Com o recurso, o telefone e o nome associados a um parente, banco ou órgão público podem ser mostrados ao destinatário, embora os golpistas não tenham acesso à linha verdadeira. A orientação de especialistas é manter a desconfiança mesmo quando a chamada parece vir de um contato conhecido e registrar boletim de ocorrência diante de uma tentativa.
Renato Bobsin Machado, professor de Ciência da Computação, explica que os autores do golpe recorrem a centrais telefônicas contratadas com programas maliciosos. A tecnologia permite definir qual número será visualizado por quem recebe a chamada.
As informações usadas para escolher as vítimas podem vir de vazamentos acumulados durante anos. Redes sociais, empresas e cadastros de crédito estão entre as fontes mencionadas. Depois, os criminosos relacionam o telefone a perfis públicos e observam comentários e marcações para descobrir vínculos com familiares, amigos e colegas.
Cláudia Simone da Silva de Oliveira, que trabalha como autônoma, soube do uso indevido quando um parente recebeu uma ligação identificada com seu nome e seu telefone. Ao atender, ele escutou uma música e, na sequência, uma mensagem afirmando que havia conquistado um prêmio.
Como achou a situação estranha, o familiar fez um print da tela e entrou em contato com Cláudia para saber se ela havia telefonado. O aparelho dela, porém, não sofreu clonagem e seguiu operando normalmente. A falsificação ocorreu somente na identificação que apareceu para o parente.
A ocorrência faz parte de um cenário mais amplo. No começo deste mês, a RPC, emissora afiliada à TV Globo, divulgou um aviso da Polícia Civil de Foz do Iguaçu sobre chamadas fraudulentas feitas com o número oficial da delegacia.

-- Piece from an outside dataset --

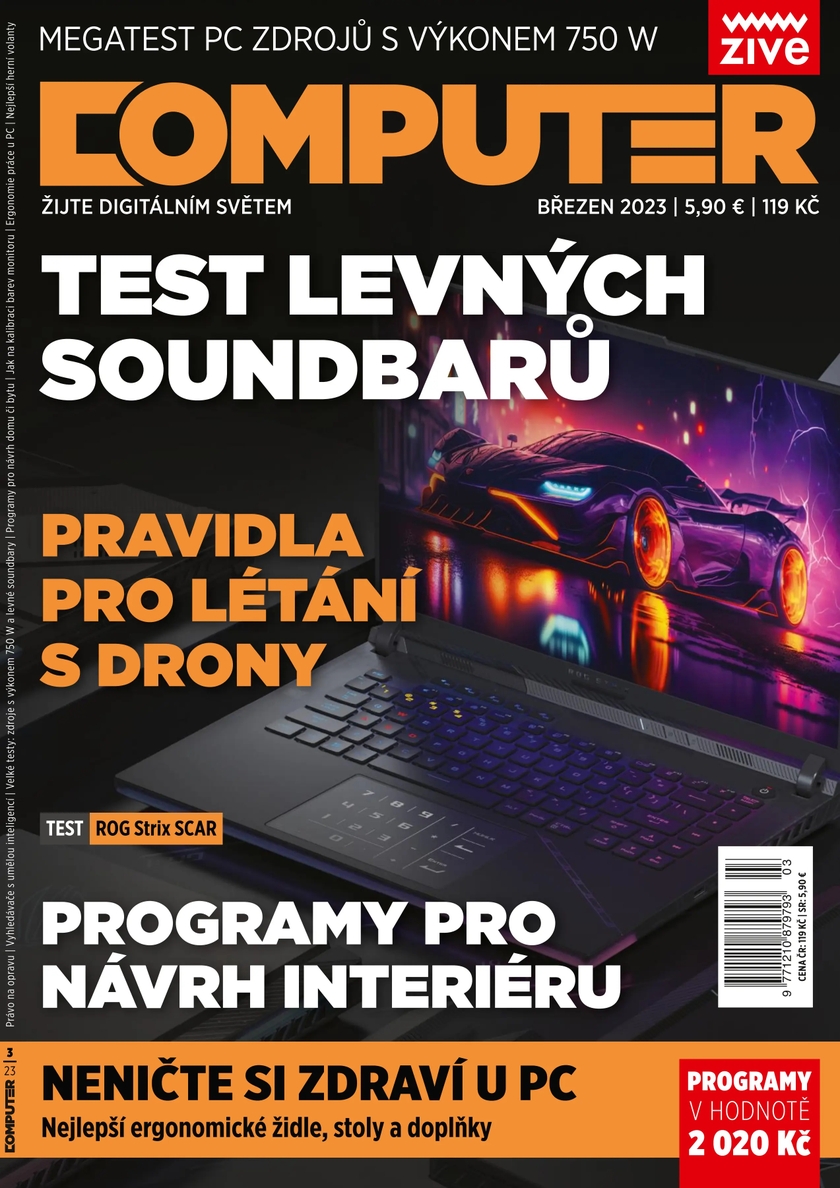 E-magazín COMPUTER - 3/2023 - CZECH NEWS CENTER a. s.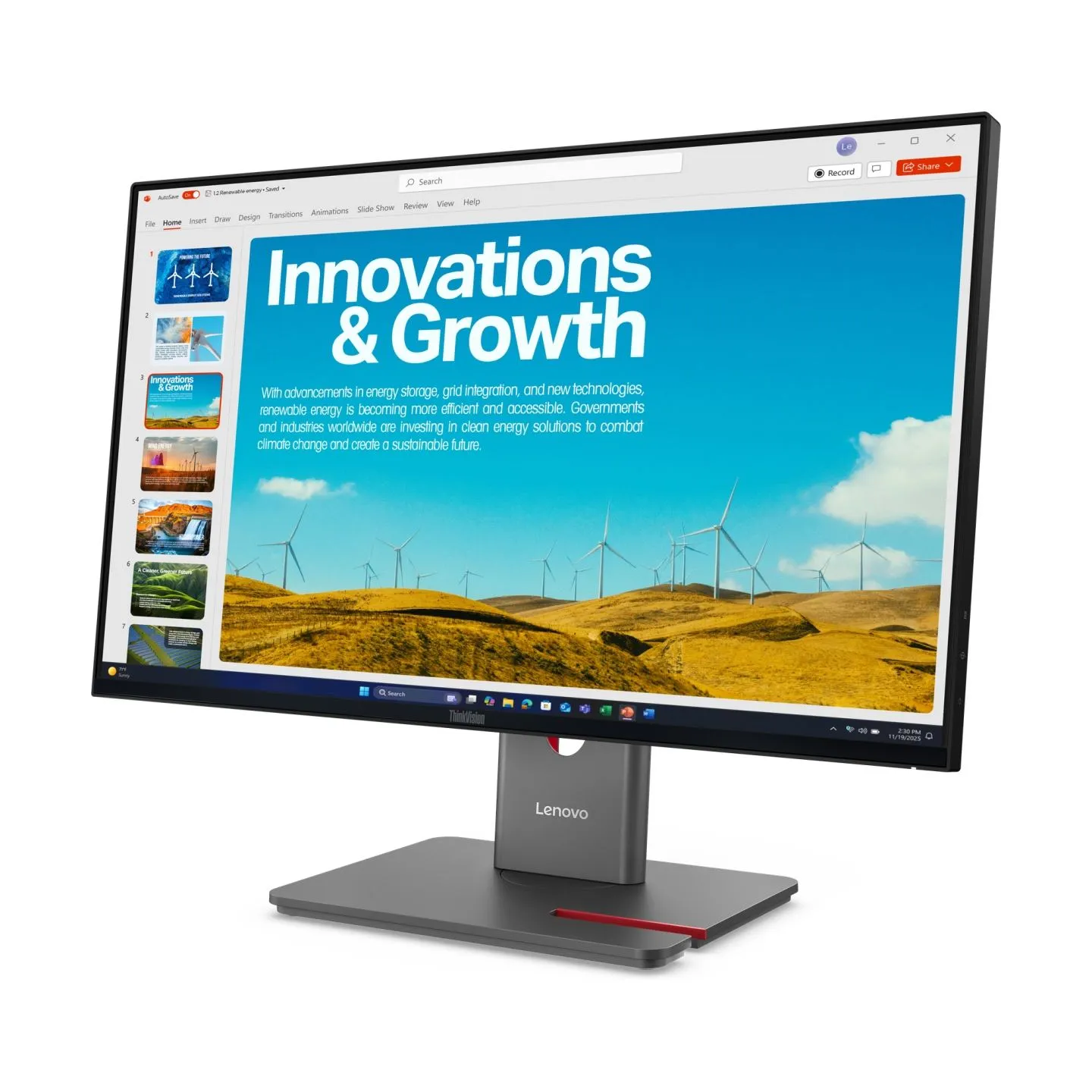 Lenovo ThinkVision P24QD-40 23.8inch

Renato Bobsin Machado também alerta para o uso de inteligência artificial. Com gravações já disponíveis, a ferramenta pode reproduzir a voz de um familiar ou de outra pessoa conhecida. Se a imitação for acompanhada de um relato urgente, como um acidente ou uma solicitação de Pix, a pressão reduz o tempo que a vítima tem para verificar a história.
Para diminuir o risco, o professor recomenda:
- Encerrar a ligação diante de solicitação de Pix ou dinheiro e confirmar o pedido por outro meio, como o WhatsApp.
- Definir previamente com os familiares uma pergunta ou resposta de conferência que apenas a pessoa legítima conheça.
- Jamais fornecer por telefone Pix, código recebido por SMS, CPF, senhas ou informações bancárias.
Quem passar por uma tentativa deve procurar as autoridades e fazer um boletim de ocorrência.